Case Study

Notion Enhances Search Capabilities with Anyscale

With Anyscale, the Notion team effortlessly scales out inference for their reranking models to deliver fast and relevant results.

2-3x

faster deployment

20%

better latency

2

months to migrate all workflows to Anyscale

Quick Takeaways

2-3x faster deployment
20% better latency
2 months to migrate all workflows to Anyscale
AI infrastructure usage doubled
Reduced time thinking about and coordinating AI infrastructure

LinkIntroduction

Notion is the AI workspace teams can make their own – connecting docs, projects, and knowledge in a single, powerful platform. As one of the fastest-growing applications globally with over 100 million users, Notion helps teams create, organize, and automate their work. Its AI-powered search ensures everyone can instantly find trusted answers across their workspace and connected tools like Slack, Google Drive, GitHub, and many more. As a team's workspace content grows, delivering fast, relevant search results becomes increasingly complex, particularly for Notion AI's Enterprise Search, which uses machine learning to re-rank and personalize search results. Providing these results at scale – and with low latency – requires not only sophisticated models but also infrastructure capable of handling intensive computational demands.

To address their growing search infrastructure demands, Notion sought a solution that would both resolve current challenges and support their roadmap for other compute-intensive AI workloads, particularly embedding generation. Anyscale's performant, resilient, and developer-friendly experience for Ray – an AI-native distributed compute framework for Python – made it the clear choice for the evolution of Notion’s AI infrastructure.

"Anyscale gives us the confidence that when we build, it just works. It removes the friction around environment management and scaling, so our teams can focus on delivering fast, intelligent experiences to our users."

Sarah Sachs | Engineering Leader, AI Modeling

LinkThe Challenge: Delivering Personalized Search at Scale

Notion's ML-based search reranking model analyzes key information and usage patterns to deliver the most relevant results, helping users quickly find content across the customer's Notion workspace or any of the apps connected to it.

Initially, a fixed-size deployment could handle relatively stable search demand based on known throughput requirements. However, as Notion's user base expanded and AI adoption expanded rapidly, the original infrastructure reached the limits of its intended design – prompting the team to look for a more scalable, future-proof architecture to ensure consistently low-latency performance as both data volume and usage grew.

"At Notion, we knew our rapid growth would push our infrastructure beyond its limits. We needed a solution that could scale horizontally with our growth while maintaining strict low-latency performance requirements for our users. Anyscale was the answer."

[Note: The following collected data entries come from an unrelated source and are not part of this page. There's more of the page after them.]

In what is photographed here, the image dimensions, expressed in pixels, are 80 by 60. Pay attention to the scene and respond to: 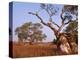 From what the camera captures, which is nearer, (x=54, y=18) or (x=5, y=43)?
(x=5, y=43)

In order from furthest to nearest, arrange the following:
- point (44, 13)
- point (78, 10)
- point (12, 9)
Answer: point (78, 10) < point (44, 13) < point (12, 9)

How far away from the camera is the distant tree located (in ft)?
6.10

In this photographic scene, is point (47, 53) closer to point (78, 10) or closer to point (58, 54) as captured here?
point (58, 54)

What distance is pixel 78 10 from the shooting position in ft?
6.84

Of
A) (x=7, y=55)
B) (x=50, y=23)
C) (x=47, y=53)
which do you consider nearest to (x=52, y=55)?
(x=47, y=53)

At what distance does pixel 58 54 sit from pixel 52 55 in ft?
0.22

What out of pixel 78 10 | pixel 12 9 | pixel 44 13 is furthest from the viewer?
pixel 78 10

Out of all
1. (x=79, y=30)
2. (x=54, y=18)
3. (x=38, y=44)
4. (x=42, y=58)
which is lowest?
(x=42, y=58)

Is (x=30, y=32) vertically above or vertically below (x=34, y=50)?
above

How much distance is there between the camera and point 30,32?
189cm

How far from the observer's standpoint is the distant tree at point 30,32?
1860 millimetres

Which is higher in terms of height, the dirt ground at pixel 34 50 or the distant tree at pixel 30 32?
the distant tree at pixel 30 32

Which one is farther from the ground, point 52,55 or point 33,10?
point 33,10

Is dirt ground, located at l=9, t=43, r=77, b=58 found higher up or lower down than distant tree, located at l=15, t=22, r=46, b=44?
lower down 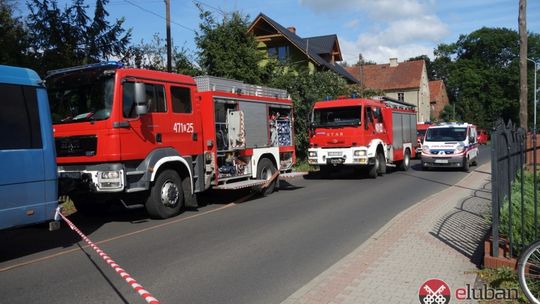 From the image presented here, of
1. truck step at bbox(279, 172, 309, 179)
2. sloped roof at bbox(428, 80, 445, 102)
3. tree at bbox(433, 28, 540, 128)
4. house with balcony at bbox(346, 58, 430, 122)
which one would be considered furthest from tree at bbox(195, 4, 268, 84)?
sloped roof at bbox(428, 80, 445, 102)

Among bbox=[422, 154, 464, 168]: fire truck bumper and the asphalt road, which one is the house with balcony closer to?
bbox=[422, 154, 464, 168]: fire truck bumper

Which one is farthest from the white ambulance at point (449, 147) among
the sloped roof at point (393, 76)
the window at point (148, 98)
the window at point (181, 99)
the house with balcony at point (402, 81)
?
the sloped roof at point (393, 76)

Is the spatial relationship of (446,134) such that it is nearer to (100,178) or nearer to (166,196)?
(166,196)

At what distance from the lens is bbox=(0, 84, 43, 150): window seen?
22.2ft

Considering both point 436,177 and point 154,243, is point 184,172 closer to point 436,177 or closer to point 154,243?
point 154,243

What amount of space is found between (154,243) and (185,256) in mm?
1080

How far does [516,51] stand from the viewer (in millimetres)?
78125

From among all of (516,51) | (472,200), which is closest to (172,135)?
(472,200)

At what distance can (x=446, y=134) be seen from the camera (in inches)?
872

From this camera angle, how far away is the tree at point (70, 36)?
15762 millimetres

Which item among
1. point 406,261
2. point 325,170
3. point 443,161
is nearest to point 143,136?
point 406,261

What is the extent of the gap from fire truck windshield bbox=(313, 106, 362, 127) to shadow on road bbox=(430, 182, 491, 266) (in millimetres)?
7209

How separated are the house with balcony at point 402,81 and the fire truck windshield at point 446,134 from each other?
46.1 metres

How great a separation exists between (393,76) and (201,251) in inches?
2715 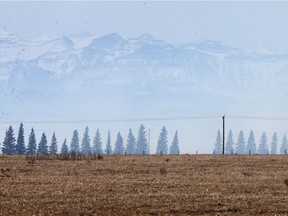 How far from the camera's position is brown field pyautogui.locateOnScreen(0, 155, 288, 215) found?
107ft

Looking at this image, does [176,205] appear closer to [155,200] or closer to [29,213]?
[155,200]

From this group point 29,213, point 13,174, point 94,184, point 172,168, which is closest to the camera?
point 29,213

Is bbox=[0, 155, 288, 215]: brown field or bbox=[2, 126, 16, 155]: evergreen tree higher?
bbox=[2, 126, 16, 155]: evergreen tree

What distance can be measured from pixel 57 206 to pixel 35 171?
67.2 feet

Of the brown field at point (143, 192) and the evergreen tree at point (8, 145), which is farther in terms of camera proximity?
the evergreen tree at point (8, 145)

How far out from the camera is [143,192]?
3844 centimetres

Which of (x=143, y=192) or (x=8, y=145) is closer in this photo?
(x=143, y=192)

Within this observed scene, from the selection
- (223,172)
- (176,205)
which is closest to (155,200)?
(176,205)

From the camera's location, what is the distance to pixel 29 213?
3150 centimetres

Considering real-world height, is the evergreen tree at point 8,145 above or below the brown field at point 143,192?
above

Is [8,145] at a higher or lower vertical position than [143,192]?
higher

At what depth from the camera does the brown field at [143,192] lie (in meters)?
32.5

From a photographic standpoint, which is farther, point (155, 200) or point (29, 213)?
point (155, 200)

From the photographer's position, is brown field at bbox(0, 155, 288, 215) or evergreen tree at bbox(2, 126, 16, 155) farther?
evergreen tree at bbox(2, 126, 16, 155) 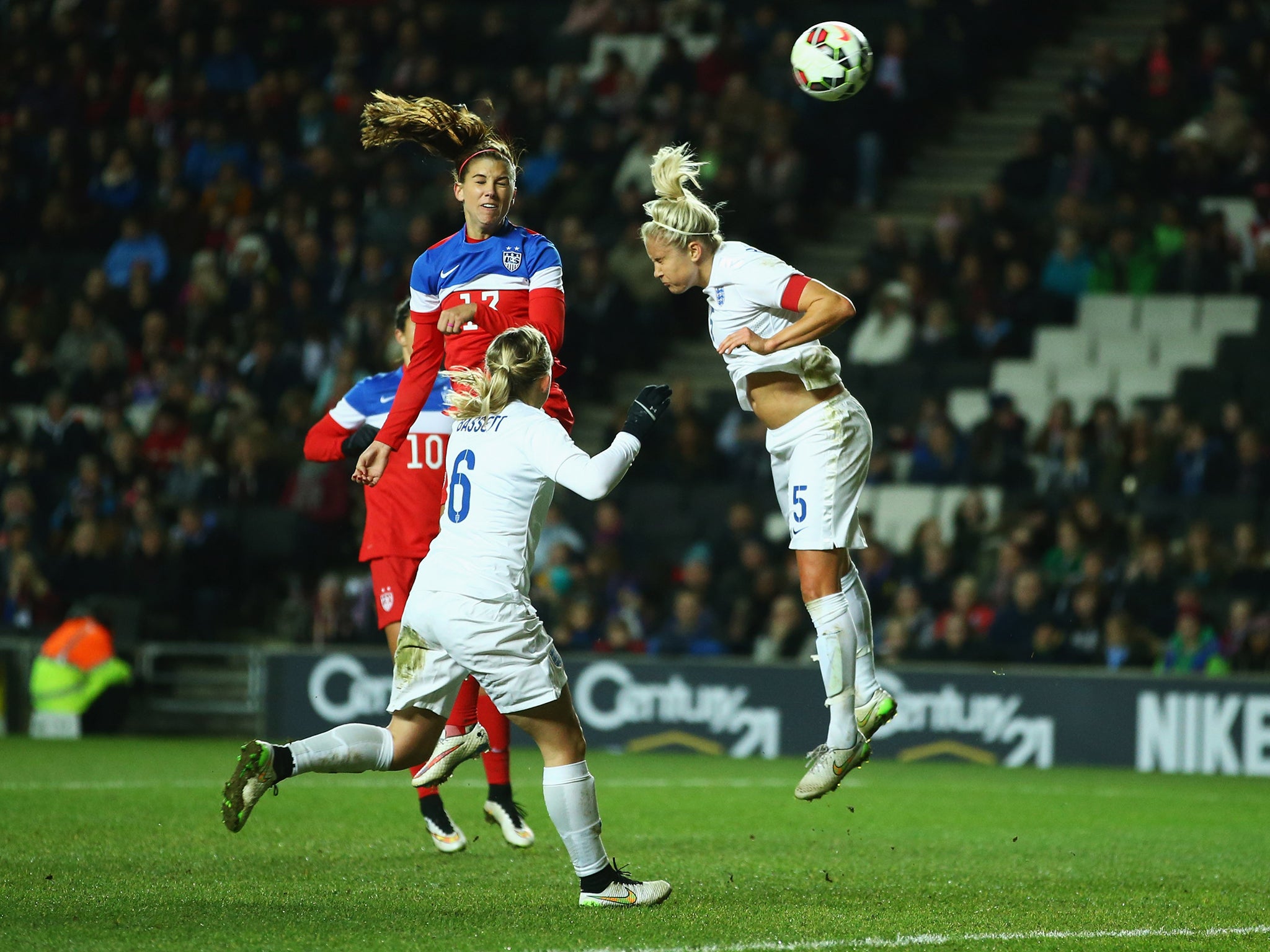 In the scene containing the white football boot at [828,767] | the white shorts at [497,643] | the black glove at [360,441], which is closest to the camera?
the white shorts at [497,643]

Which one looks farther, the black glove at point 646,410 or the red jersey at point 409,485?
the red jersey at point 409,485

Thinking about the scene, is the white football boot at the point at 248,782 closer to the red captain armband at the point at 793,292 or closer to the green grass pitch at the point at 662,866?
the green grass pitch at the point at 662,866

Jake Sager | Software Engineer

The team was confident in Ray's proven scale and performance for AI-native workloads, but they didn’t want to shift valuable development time to managing infrastructure. What they needed was a platform that could scale horizontally with minimal overhead while providing high performance for every user, at any scale.

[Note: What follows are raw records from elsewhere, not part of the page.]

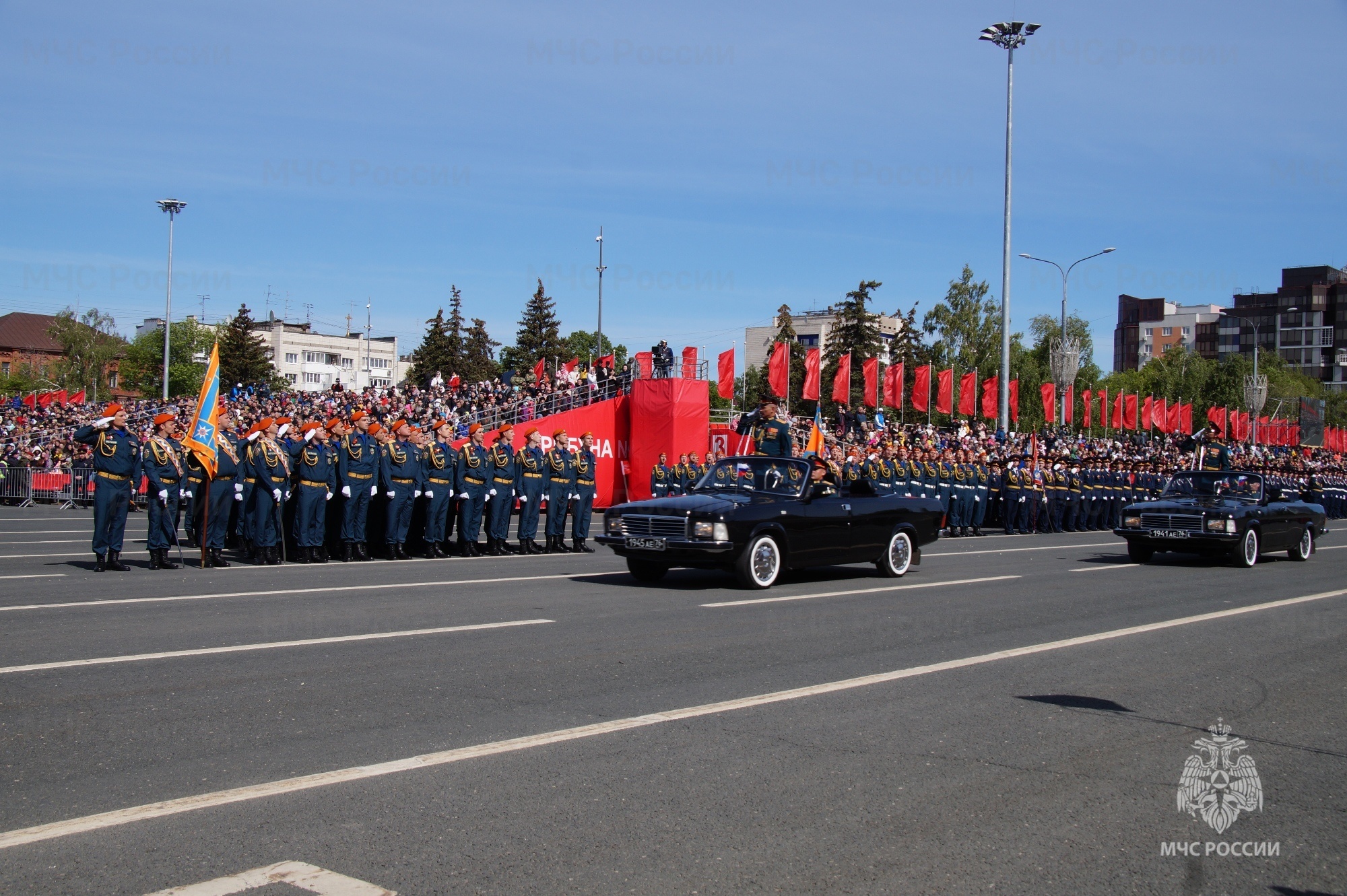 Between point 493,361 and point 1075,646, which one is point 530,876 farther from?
point 493,361

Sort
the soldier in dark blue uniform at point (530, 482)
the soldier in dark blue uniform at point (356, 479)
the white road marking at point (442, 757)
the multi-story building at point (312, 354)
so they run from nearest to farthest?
the white road marking at point (442, 757) → the soldier in dark blue uniform at point (356, 479) → the soldier in dark blue uniform at point (530, 482) → the multi-story building at point (312, 354)

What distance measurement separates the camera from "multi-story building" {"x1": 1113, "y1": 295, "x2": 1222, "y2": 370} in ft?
519

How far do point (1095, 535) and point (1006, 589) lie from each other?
14578 mm

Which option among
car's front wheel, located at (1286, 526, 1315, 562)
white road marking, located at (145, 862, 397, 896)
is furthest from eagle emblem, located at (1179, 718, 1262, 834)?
car's front wheel, located at (1286, 526, 1315, 562)

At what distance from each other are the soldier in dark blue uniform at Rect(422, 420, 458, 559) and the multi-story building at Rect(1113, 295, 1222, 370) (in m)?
156

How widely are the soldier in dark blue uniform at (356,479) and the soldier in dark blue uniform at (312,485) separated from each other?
20 centimetres

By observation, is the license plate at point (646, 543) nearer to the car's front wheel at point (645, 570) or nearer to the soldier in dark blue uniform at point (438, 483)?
the car's front wheel at point (645, 570)

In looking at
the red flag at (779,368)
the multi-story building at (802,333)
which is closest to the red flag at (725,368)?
the red flag at (779,368)

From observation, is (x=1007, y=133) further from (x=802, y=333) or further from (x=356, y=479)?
(x=802, y=333)

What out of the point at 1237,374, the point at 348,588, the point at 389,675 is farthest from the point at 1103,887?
the point at 1237,374

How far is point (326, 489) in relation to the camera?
15289mm

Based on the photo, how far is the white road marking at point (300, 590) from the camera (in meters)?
10.2

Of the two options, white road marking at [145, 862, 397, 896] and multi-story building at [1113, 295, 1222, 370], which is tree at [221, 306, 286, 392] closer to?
white road marking at [145, 862, 397, 896]

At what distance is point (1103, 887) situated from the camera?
13.5 ft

LinkThe Anyscale Advantage: Improved Performance, Reliability, and Developer Experience

After evaluating several providers in the space, the Notion team chose Anyscale to address both their immediate search application challenges and future ambitions for their embedding generation pipeline.

"Anyscale made horizontal scaling easy out of the box. It gave us seamless scalability to keep up with our fast-growing, low-latency inference needs – all without adding operational burden."

Jake Sager | Software Engineer

Requirement	Anyscale Advantage
Low latency and high throughput	- Scale-proven, Ray-based architecture for distributed Python. - Direct access to Ray experts via dedicated Slack channel for implementation guidance and ongoing support.
Resilient, adaptive scaling	- Compute resources automatically scale up and down based on application’s demands. - Advanced failure handling and roll backs to support blue-green deployment model.
Intuitive developer experience	- Out-of-the-box integration with popular IDEs to work locally and debug remotely. - Familiar Python interface with support for open-source models.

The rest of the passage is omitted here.